WOMEN, IMMIGRATION CONTINUE TO SNARL TRUMP’S WASHINGTON
Calling all women
There is at least one thing in America not shut down over the weekend.
Women power.
“Call it payback, call it a revolution, call it the Pink Wave, inspired by marchers in their magenta hats, and the activism that followed,” writes Charlotte Alter for the new Time magazine cover story. “There is an unprecedented surge of first-time female candidates, overwhelmingly Democratic, running for offices big and small, from the U.S. Senate and state legislatures to local school boards.”
That surge translates to four times as many Democratic women as Republican women seeking House seats, and twice as many Democrats in Senate races.
We can thank Donald Trump — or at least disgust with Donald Trump.

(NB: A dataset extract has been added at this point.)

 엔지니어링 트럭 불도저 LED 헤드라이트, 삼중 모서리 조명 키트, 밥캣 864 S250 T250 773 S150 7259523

“In 2016, they were ordinary voters. In 2017, they became activists, spurred by the bitter defeat of the first major female presidential candidate at the hands of a self-described p—-y grabber. Now, in 2018, these doctors and mothers and teachers and executives are jumping into the arena and bringing new energy to a Democratic Party sorely in need of fresh faces,” reads the Time piece titled, “The Avengers.”

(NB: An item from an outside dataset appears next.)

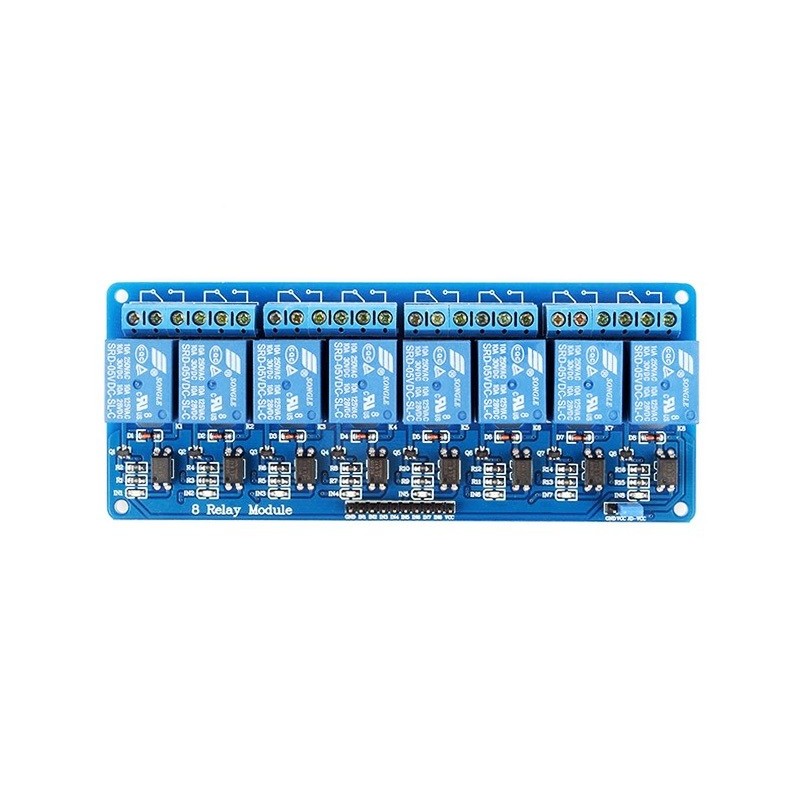Módulo relé 8 Canais 5v com optoacoplador Módulo relé 8 Canais 5v com optoacoplador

This weekend, we watched women in streets across the country again on Saturday and Sunday — Chattanooga, too. But this time, they didn’t just march to protest the election of Donald Trump or his first year in office.
Newsweek put it this way: “Women’s March 2018 isn’t about Trump — It’s about upending the entire political system.”
Already, Democratic women in Virginia unseated 11 male Republican incumbents in the House of Delegates. First-time candidate Ashley Bennett defeated a New Jersey politician who last January shared a sexist meme on Facebook that read, “Will the women’s protest end in time for them to cook dinner?”
He has plenty of time now to fix his own dinner.
Don’t look for this movement to slow anytime soon. It’s just getting started.